• SUPPLIED DATA:
::::
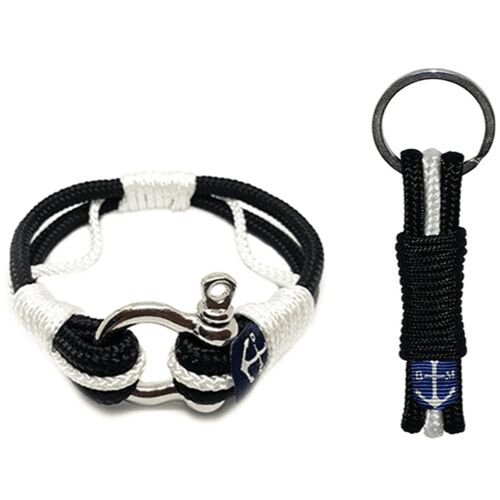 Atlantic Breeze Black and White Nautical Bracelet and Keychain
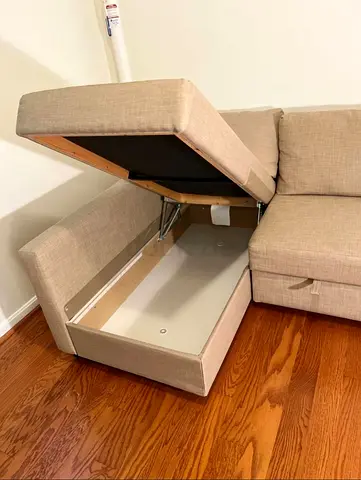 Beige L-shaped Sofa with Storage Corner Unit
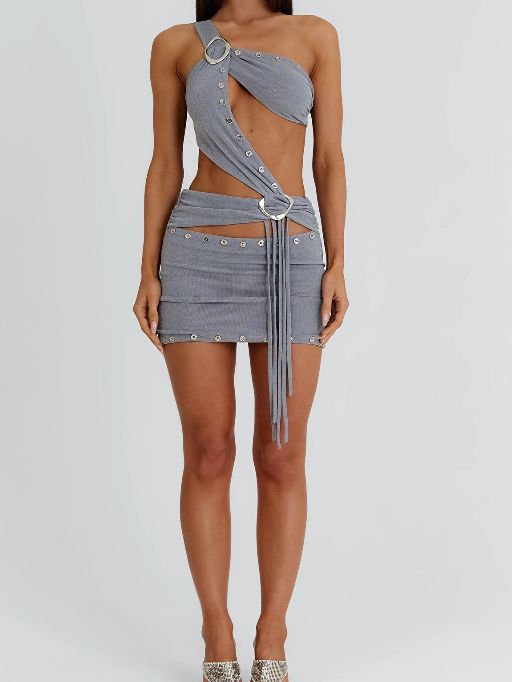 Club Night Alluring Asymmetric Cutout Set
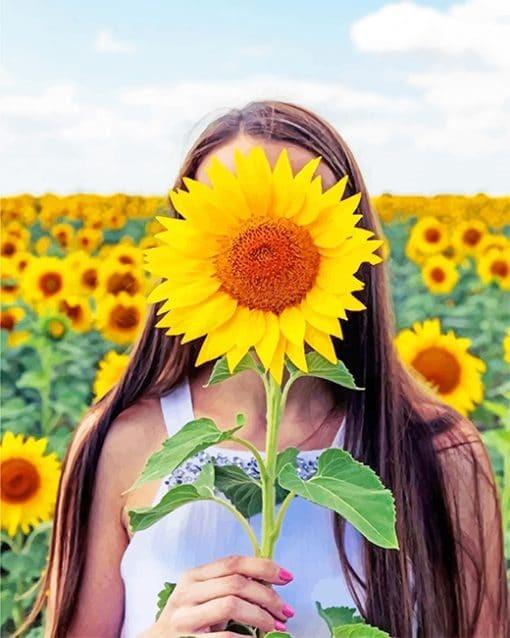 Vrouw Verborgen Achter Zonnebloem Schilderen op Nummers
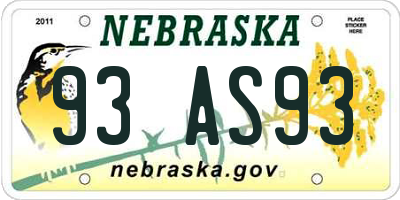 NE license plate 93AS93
::::
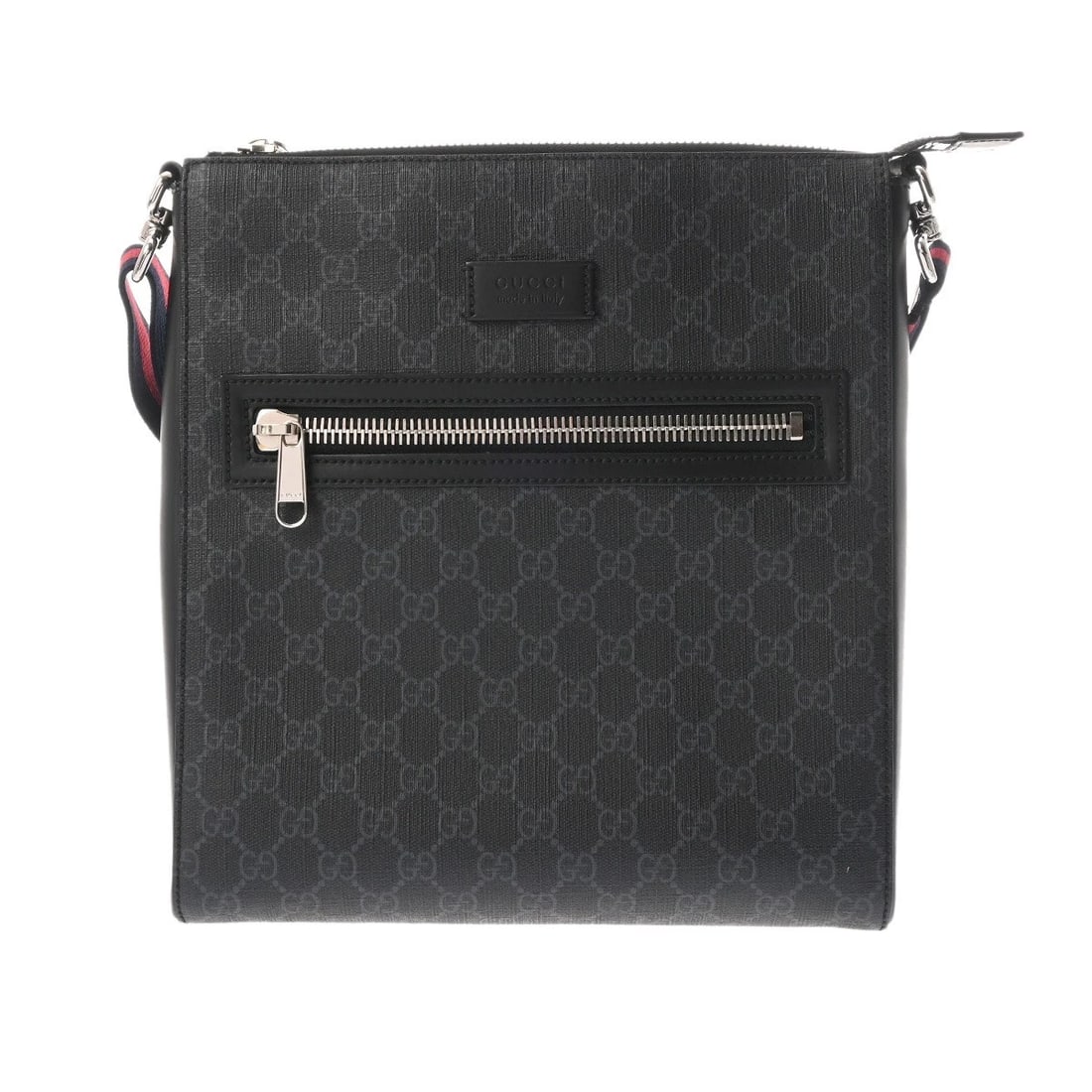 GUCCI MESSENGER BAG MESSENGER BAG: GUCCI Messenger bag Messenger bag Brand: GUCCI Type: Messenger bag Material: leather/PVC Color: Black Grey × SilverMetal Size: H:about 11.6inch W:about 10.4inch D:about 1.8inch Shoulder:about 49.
::::
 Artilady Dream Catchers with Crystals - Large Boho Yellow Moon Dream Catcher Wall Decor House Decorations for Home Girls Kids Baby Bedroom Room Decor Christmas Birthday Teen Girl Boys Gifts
::::
In the data above, find the line containing "Atlantic Breeze Black" and the line containing "NE license plate 93AS93". Copy exactly the stretch from the first through the second, both included, leaving out any picture.

 Atlantic Breeze Black and White Nautical Bracelet and Keychain
 Beige L-shaped Sofa with Storage Corner Unit
 Club Night Alluring Asymmetric Cutout Set
 Vrouw Verborgen Achter Zonnebloem Schilderen op Nummers
 NE license plate 93AS93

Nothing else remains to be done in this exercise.